### Task details:
The line with "Ferienwohnung Auf Dem", the line with "Volkswagen Touareg 2004", and all lines between them in the material below: return these exactly, and no others.

### Dataset content:
——————————

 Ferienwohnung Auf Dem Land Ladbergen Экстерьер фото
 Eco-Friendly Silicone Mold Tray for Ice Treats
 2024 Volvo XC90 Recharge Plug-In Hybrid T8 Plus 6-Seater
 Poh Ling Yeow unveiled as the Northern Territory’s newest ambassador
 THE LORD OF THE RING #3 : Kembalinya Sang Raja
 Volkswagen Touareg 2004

——————————

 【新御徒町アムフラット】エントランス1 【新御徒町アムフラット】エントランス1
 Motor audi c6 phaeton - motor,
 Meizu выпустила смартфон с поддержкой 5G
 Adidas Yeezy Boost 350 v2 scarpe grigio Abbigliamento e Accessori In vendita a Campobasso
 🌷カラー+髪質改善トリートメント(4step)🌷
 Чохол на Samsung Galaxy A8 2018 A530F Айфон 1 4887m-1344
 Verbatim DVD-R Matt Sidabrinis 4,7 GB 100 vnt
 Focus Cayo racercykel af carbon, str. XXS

——————————

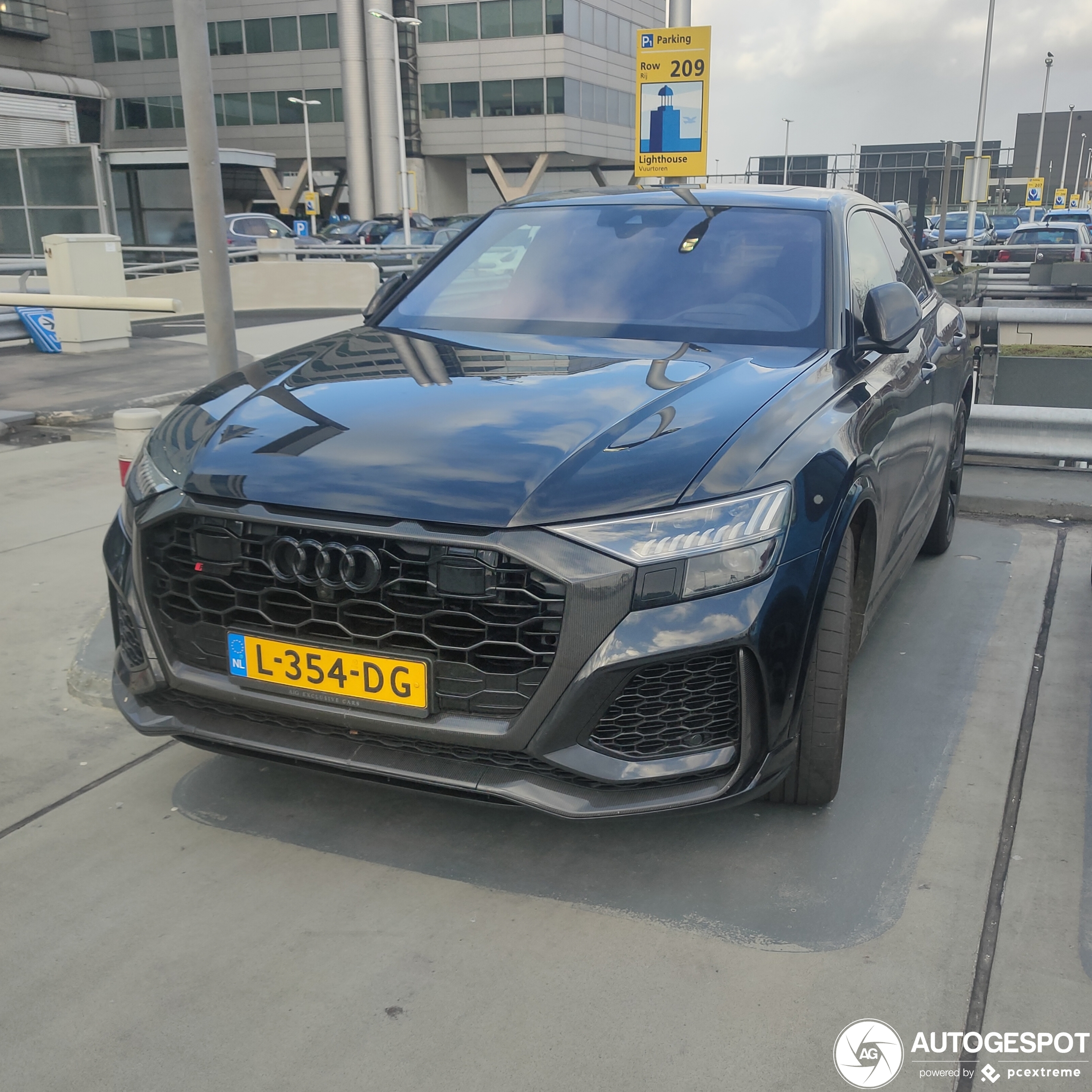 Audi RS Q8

——————————

### Response:
 Ferienwohnung Auf Dem Land Ladbergen Экстерьер фото
 Eco-Friendly Silicone Mold Tray for Ice Treats
 2024 Volvo XC90 Recharge Plug-In Hybrid T8 Plus 6-Seater
 Poh Ling Yeow unveiled as the Northern Territory’s newest ambassador
 THE LORD OF THE RING #3 : Kembalinya Sang Raja
 Volkswagen Touareg 2004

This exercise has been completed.